Le medaglie olimpiche di Milano‑Cortina hanno manifestato un inatteso problema di fragilità: diverse di esse si sono sfilate dal cordino che le dovrebbe reggere al collo, generando un piccolo caso tra gli atleti. La problematica è emersa quando è stato reso noto che sia la statunitense Breezy Johnson, vincitrice della discesa libera femminile, sia l’azzurra Lucia Dalmasso, bronzo nello slalom gigante parallelo di snowboard, hanno riscontrato inconvenienti con il loro prezioso riconoscimento.

Il racconto degli atleti

Lucia Dalmasso ha condiviso la sua esperienza, affermando: “Mi è già successo due volte – una volta giù dal podio e una volta sul letto”.

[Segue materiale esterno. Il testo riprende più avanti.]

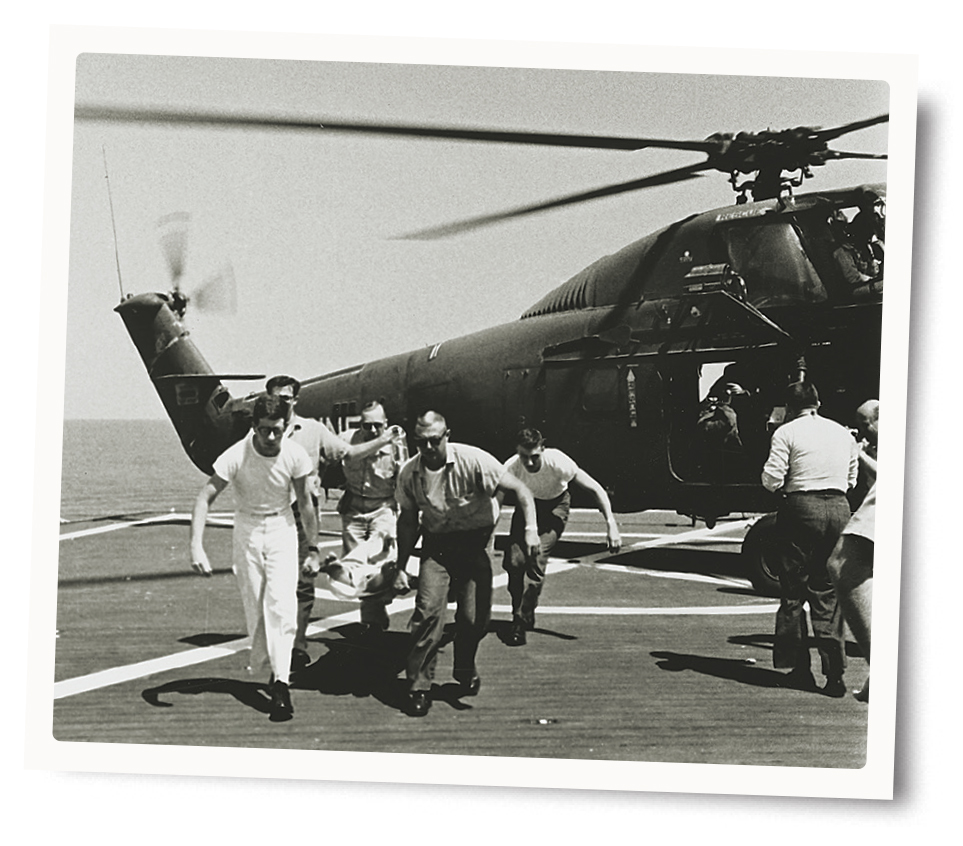 Photo of Medical assistants unload a wounded man from a rescue helicopter onto the Repose in 1966.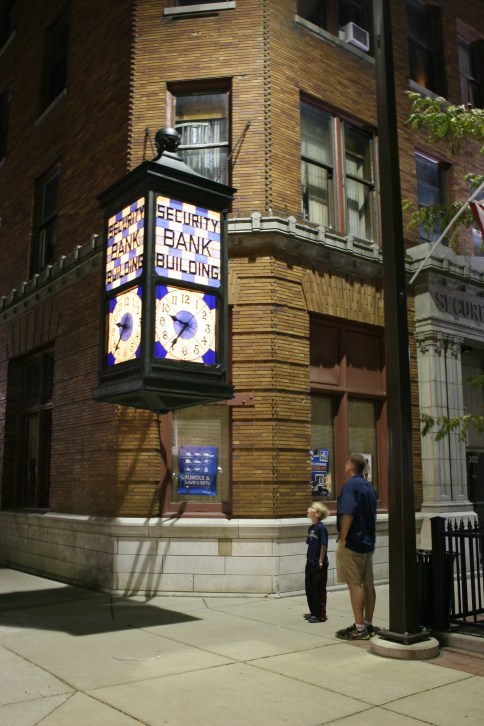 Steve and Peter McDonough check out the clock Saturday evening.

Breezy Johnson, dal canto suo, ha affrontato la situazione con ironia: “Stavo saltando per l’emozione e si è rotta. Sono sicura che qualcuno la riparerà”.

Le verifiche degli organizzatori

Andrea Francisi, responsabile delle operazioni dei Giochi, ha confermato la piena consapevolezza della situazione da parte degli organizzatori: “Abbiamo visto che alcune medaglie si sono rotte, abbiamo visto le immagini e stiamo cercando di capire nel dettaglio se esiste un problema. Stiamo dando ovviamente grande attenzione al tema visto che la medaglia è il trionfo e il sogno di ogni atleta”. Il sospetto principale ricade su un difetto del cordino.

Altri casi segnalati

Gli episodi non sembrano essere isolati.

Anche l’argento nel cross country, la svedese Ebba Andersson, la pattinatrice artistica Alysa Liu (Team USA) e il bronzo tedesco di biathlon Justus Strelow hanno lamentato problemi simili, sollevando interrogativi sui social media: “Cosa succede con queste medaglie?”.

Indagine sugli incidenti

Gli organizzatori dei Giochi hanno confermato l'avvio di un'indagine sugli incidenti che hanno coinvolto medaglie incrinate o scheggiate, tra cui quella di Breezy Johnson. Francisi ha dichiarato: “Siamo pienamente consapevoli della situazione e avete visto le immagini. Stiamo indagando su quale sia esattamente il problema”. L'attenzione è massima per garantire che il simbolo della vittoria non venga compromesso.